(About this exercise) Since the copy must match the original, write out each record word for word, skipping only the pictures.
--- Study material ---
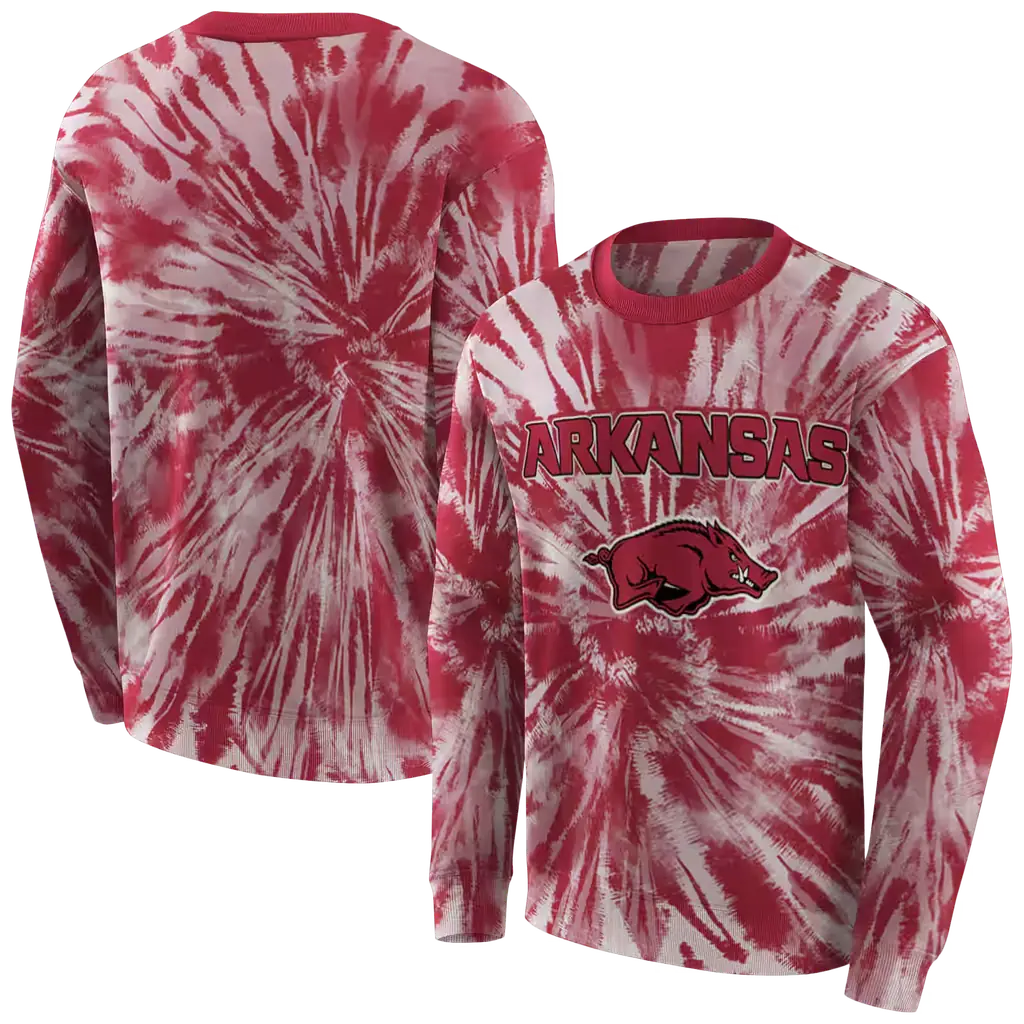 arkansas razorbacks tie dye pattern red hoodie premium grade arkansas razorbacks tie dye pattern red hoodie premium grade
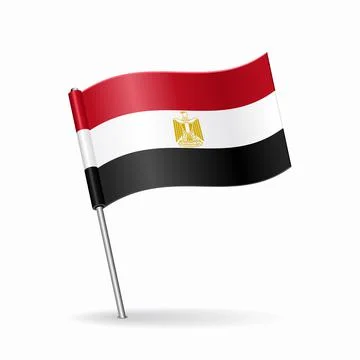 Egyptian flag map pointer layout. Vector illustration. Stock Illustration
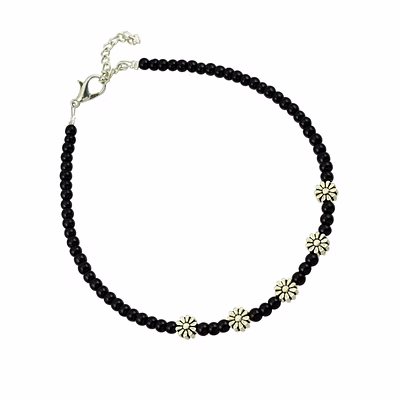 high trendz anklet for girls stylish black beads with oxidized charms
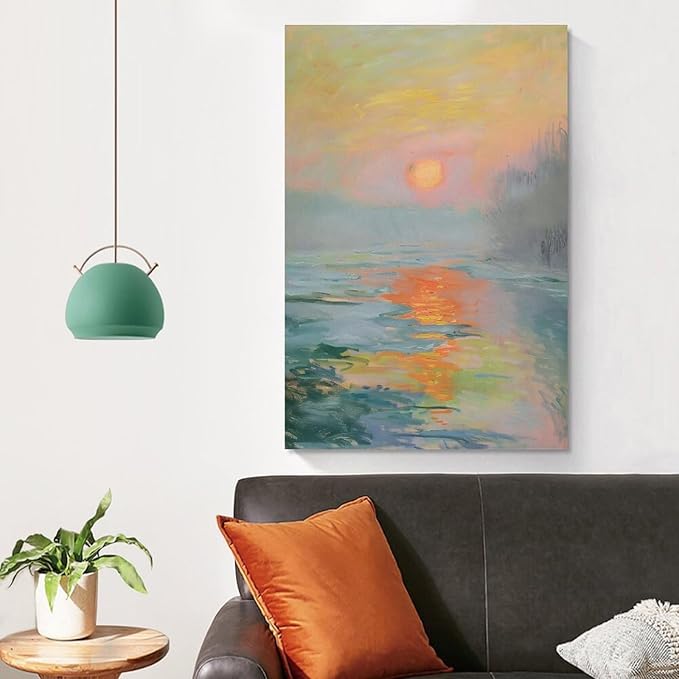 Vintage Canvas Wall Art Monet Impressionist Oil Painting Print Sunrise Living Room Decor_upscayl_4x_realesrgan-x4plus Canvas Poster Wall Art Picture Prints Hanging Photo Gift Idea Decor Home Posters A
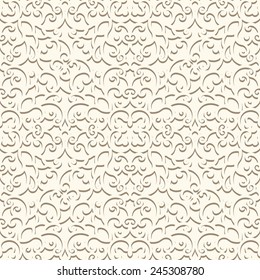 White background, vintage ornament, vector seamless pattern in light color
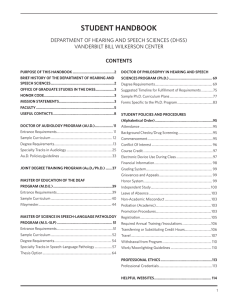 STUDENT HANDBOOK DEPARTMENT OF HEARING AND SPEECH SCIENCES (DHSS) CONTENTS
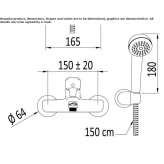 Single-lever bathtub set with a shower hand Lacanau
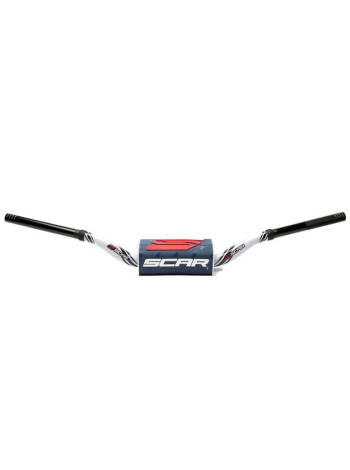 Руль Scar O2 Ø28.6 (11/8) Mcgrath-Short Style KTM белый с темно-синей подушкой
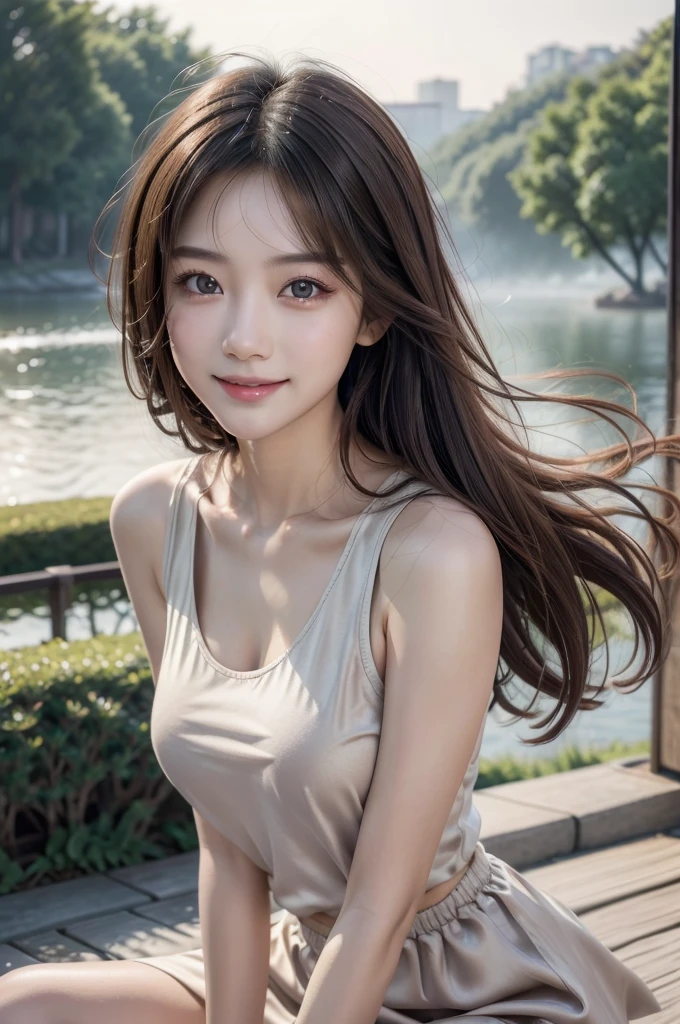 ((Best quality, 8K, masterpiece:1.3)),1girl,18 years old,Asian,Real texture:1.3,(Background blur:1.1),Gorgeous long dress,Tall and slender figure:1.2,(Hot summer weather),(street:1.3),Highly detailed face and skin textures,Exquisite eyes,Long eyelashes,Double eyelids,Skin Whitening,happy,Various postures,Big breasts
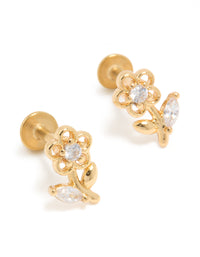 Gold Plated Surgical Steel Cubic Zirconia Flower Stem Flat Back Studs - link has visual effect only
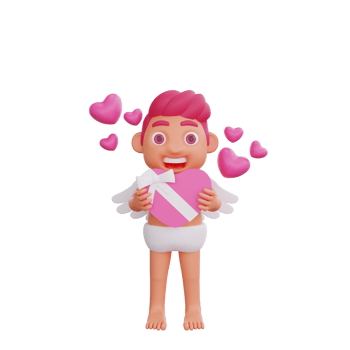 3D illustration of Valentine Cupid character holding a heart-shaped chocolate box png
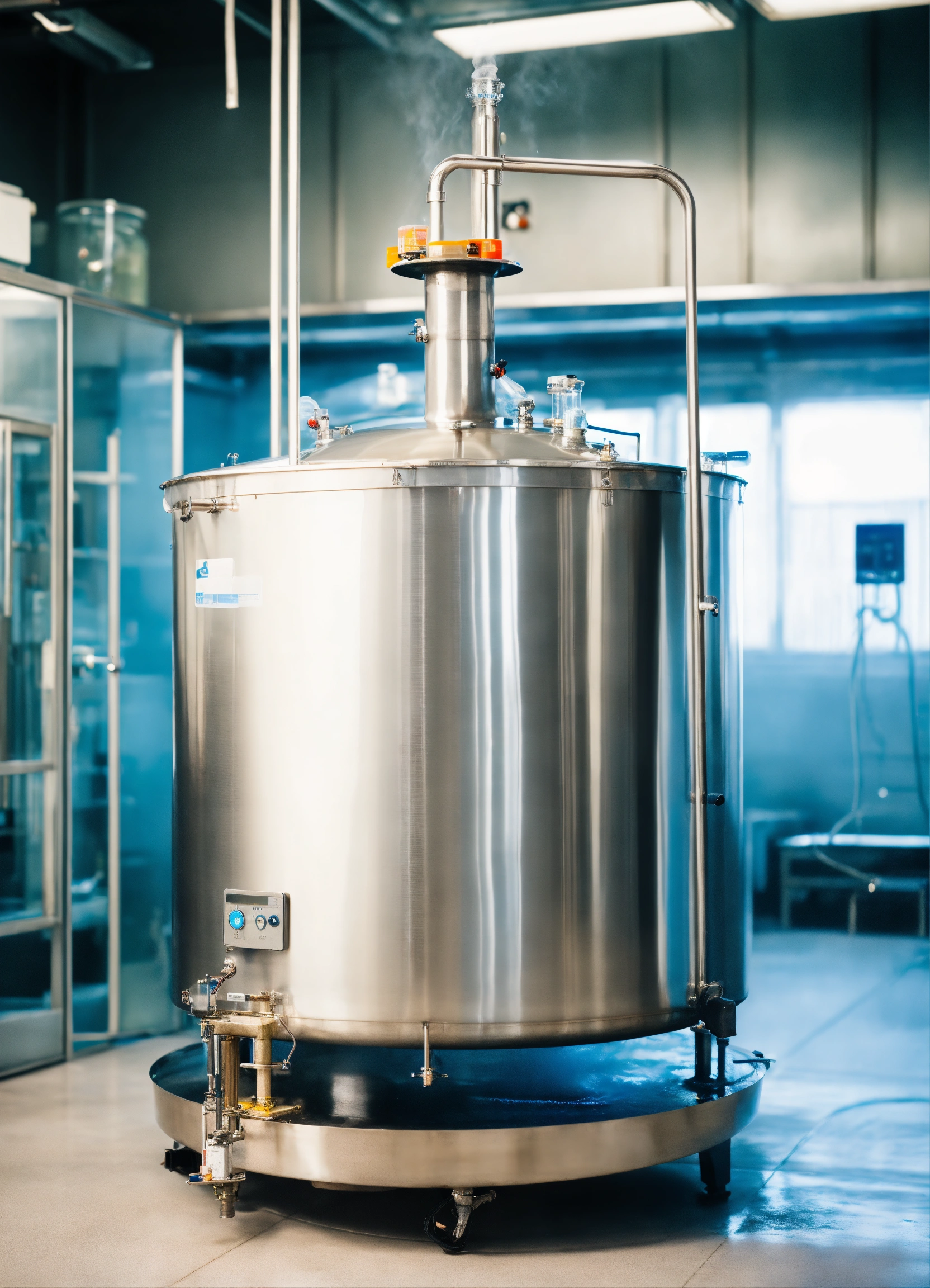 Lexica - Steaming stainless steel tank with open lid filled with liquid ...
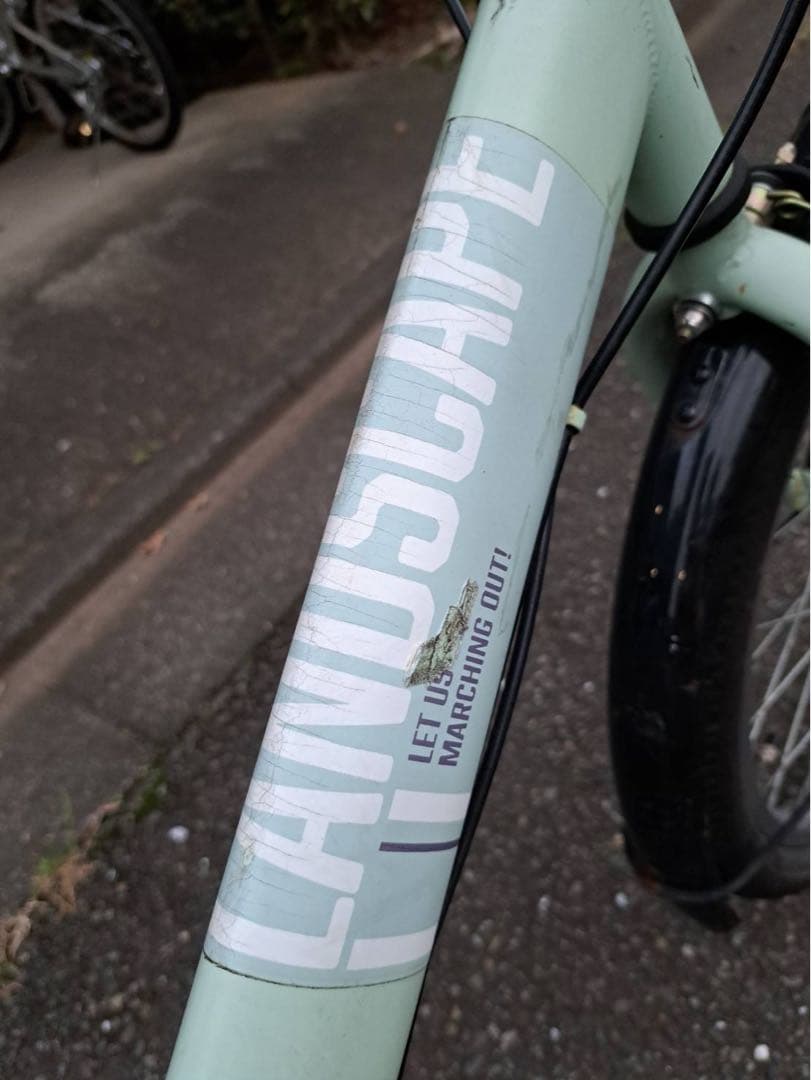 折りたたみ変速六段自転車 ミントグリーン 20インチライト付き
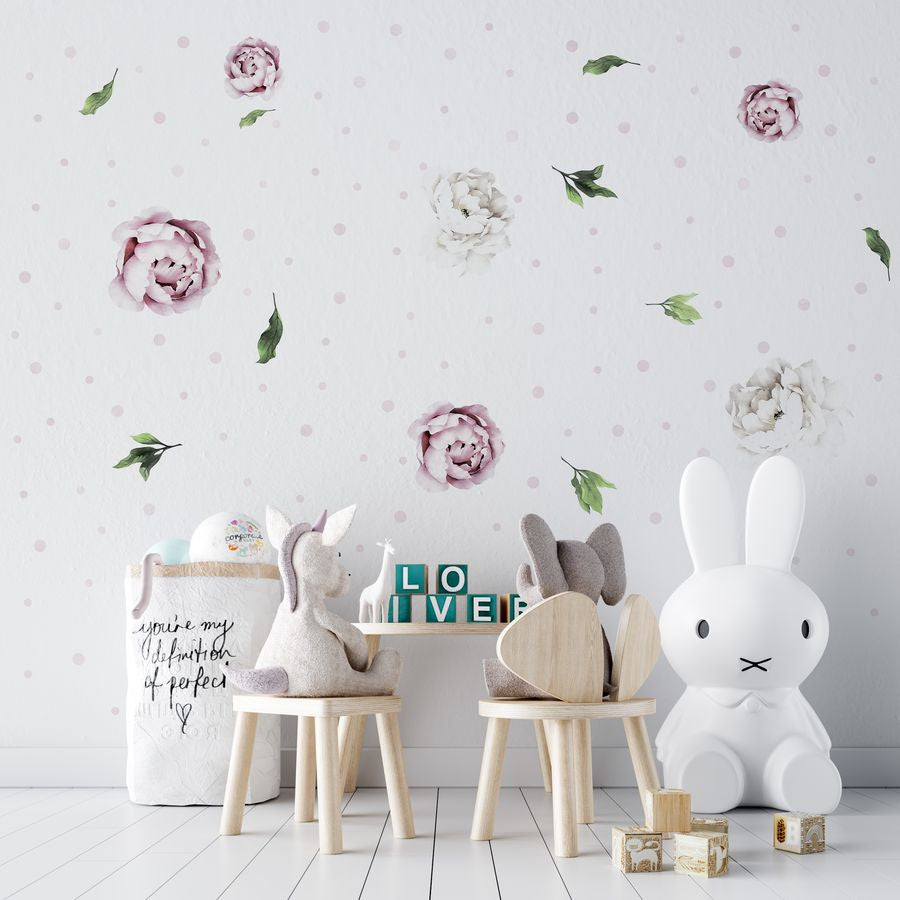 Peony Flower Wall Decals For Girl Rooms Nursery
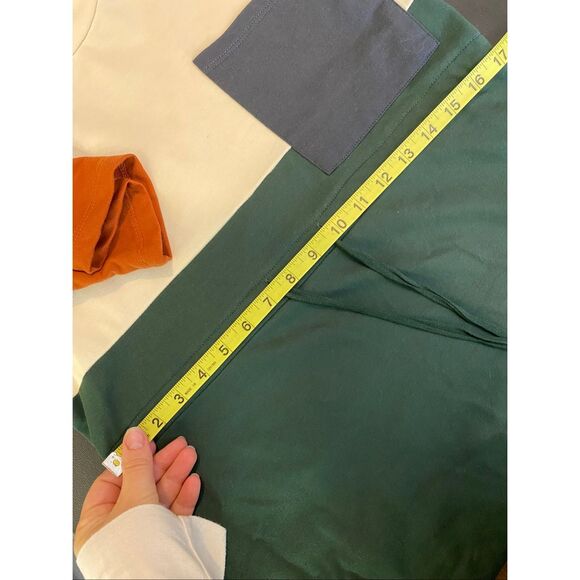 ROOLEE • Cream/Green Multi Color Blocked Draw String Waist Short Sleeve Knee Len - Picture 2 of 8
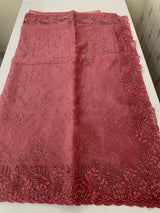 Soft Crush Organza-Chiffon saree with embroidery and cutdana work - MOS5785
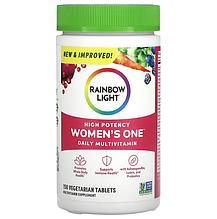 Вітаміни для жінок, Women's Multivitamin, Rainbow Light, високоефективний щоденний комплекс, по 1 на день, 150 вегетаріанських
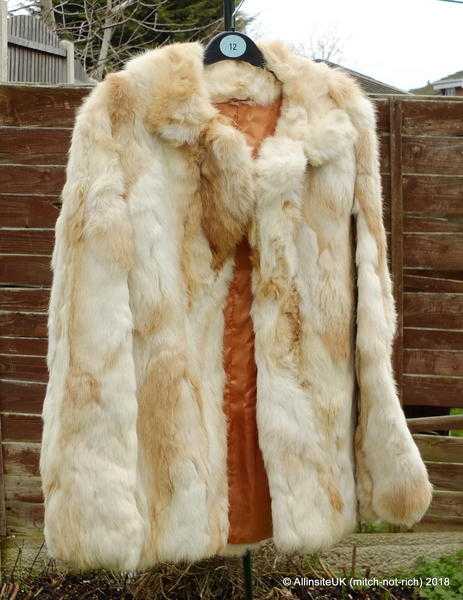 Vintage Real Fur Coat Rabbit Hair Light Colour Size 10-12. (SmallMedium)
---
(Task output)
 arkansas razorbacks tie dye pattern red hoodie premium grade arkansas razorbacks tie dye pattern red hoodie premium grade
 Egyptian flag map pointer layout. Vector illustration. Stock Illustration
 high trendz anklet for girls stylish black beads with oxidized charms
 Vintage Canvas Wall Art Monet Impressionist Oil Painting Print Sunrise Living Room Decor_upscayl_4x_realesrgan-x4plus Canvas Poster Wall Art Picture Prints Hanging Photo Gift Idea Decor Home Posters A
 White background, vintage ornament, vector seamless pattern in light color
 STUDENT HANDBOOK DEPARTMENT OF HEARING AND SPEECH SCIENCES (DHSS) CONTENTS
 Single-lever bathtub set with a shower hand Lacanau
 Руль Scar O2 Ø28.6 (11/8) Mcgrath-Short Style KTM белый с темно-синей подушкой
 ((Best quality, 8K, masterpiece:1.3)),1girl,18 years old,Asian,Real texture:1.3,(Background blur:1.1),Gorgeous long dress,Tall and slender figure:1.2,(Hot summer weather),(street:1.3),Highly detailed face and skin textures,Exquisite eyes,Long eyelashes,Double eyelids,Skin Whitening,happy,Various postures,Big breasts
 Gold Plated Surgical Steel Cubic Zirconia Flower Stem Flat Back Studs - link has visual effect only
 3D illustration of Valentine Cupid character holding a heart-shaped chocolate box png
 Lexica - Steaming stainless steel tank with open lid filled with liquid ...
 折りたたみ変速六段自転車 ミントグリーン 20インチライト付き
 Peony Flower Wall Decals For Girl Rooms Nursery
 ROOLEE • Cream/Green Multi Color Blocked Draw String Waist Short Sleeve Knee Len - Picture 2 of 8
 Soft Crush Organza-Chiffon saree with embroidery and cutdana work - MOS5785
 Вітаміни для жінок, Women's Multivitamin, Rainbow Light, високоефективний щоденний комплекс, по 1 на день, 150 вегетаріанських
 Vintage Real Fur Coat Rabbit Hair Light Colour Size 10-12. (SmallMedium)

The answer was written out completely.